Gore isn't Peterson — nobody is — but he's got the Packers' respect as a runner who's hard to tackle and moves piles for additional yardage. According to ProFootballFocus.com, Gore finished ninth with 682 yards after contact and 10th with 30 missed tackles. Among backs with at least 120 carries, Gore finished sixth with 4.6 yards per attempt.
"The think about the NFL, it seems like every team has a couple of stud running backs," linebacker A.J. Hawk said. "They're no different in San Francisco. (Gore) definitely brings a lot to the table. He's a super physical back, which I have a lot of respect."
It's not just Gore, like it wasn't just Peterson. For Minnesota, it's starting offensive line started all 16 games together. For San Francisco, guard Mike Iupati and tackle Joe Staley are in the Pro Bowl. The unit started all 16 games together. Another lineman, Will Tukuafu, frequently is used as an extra blocker, tight ends Vernon Davis and Dalanie Walker are frequently used in tandem and Bruce Miller is a hard-charging fullback.

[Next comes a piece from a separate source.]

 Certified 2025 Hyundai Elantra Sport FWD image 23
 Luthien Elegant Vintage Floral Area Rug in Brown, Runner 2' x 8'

"I think it was a combination," defensive coordinator Dom Capers said on Sunday of Gore's 16-carries, 112-yards performance in Week 1. "Their style, you're going to see them in more big people, multiple tight end sets. They'll bring in multiple linemen. They'll run personnel groups that most teams only run in goal-line situations and they'll run them first-and-10 out in the field, so you have to be prepared for that."
Kaepernick has added a new dimension to the offense with his strong arm and athleticism. While he's not as efficient or consistent in the passing game, he's rushed for 415 yards (6.6 average) and five touchdowns.
"It's just going to be a tough, hard-fought game," defensive back Charles Woodson said on Saturday night. "We know what they're capable of. We know their roster. We know what kind of guys they have over there. So, it's going to be a tough game. The run game's going to be tough. They have a great running back in Gore. They've got a mobile quarterback, as well. They like to get those linemen in the perimeter to get him out there in space. So, it'll be a tough game. It'll be a smashmouth-type of football game, and we'll be up for the challenge."
On the other side of the ball, the 49ers finished second with 17.1 points allowed per game, third with 294.4 yards per game and third with 3.7 yards allowed per carry. Quarterback Aaron Rodgers threw for 303 yards but the 49ers dictated the matchup. Green Bay had just 176 yards and seven points in the first three quarters, and it took Randall Cobb's touchdown on a punt return to make it close.
"They might tweak things a little bit," offensive coordinator Tom Clements said of the Niners' plans following a bye week. "By and large, at this point in the year, the vast majority of things they do and we do are things that have been on film that they have a chance to study."
The Niners are loaded. Defensive end Justin Smith, linebackers Aldon Smith, Patrick Willis and NaVorro Bowman, and safeties Dashon Goldson and Donte Whitner all made it to the Pro Bowl. It is a physical, punishing defense.
"We'll look at it, but they're a different team," Rodgers said of the Week 1 film. "Teams find their identity throughout the season. We'll look at more of their past games, more recent. But it'll be interesting to go back and look at that and see who was playing at that point. Cedric (Benson) was our main back and now we're a few down the line here to get to DuJuan (Harris), so we're going to have to find ways to block up their Pro Bowlers inside and try to make some plays on the perimeter, as well."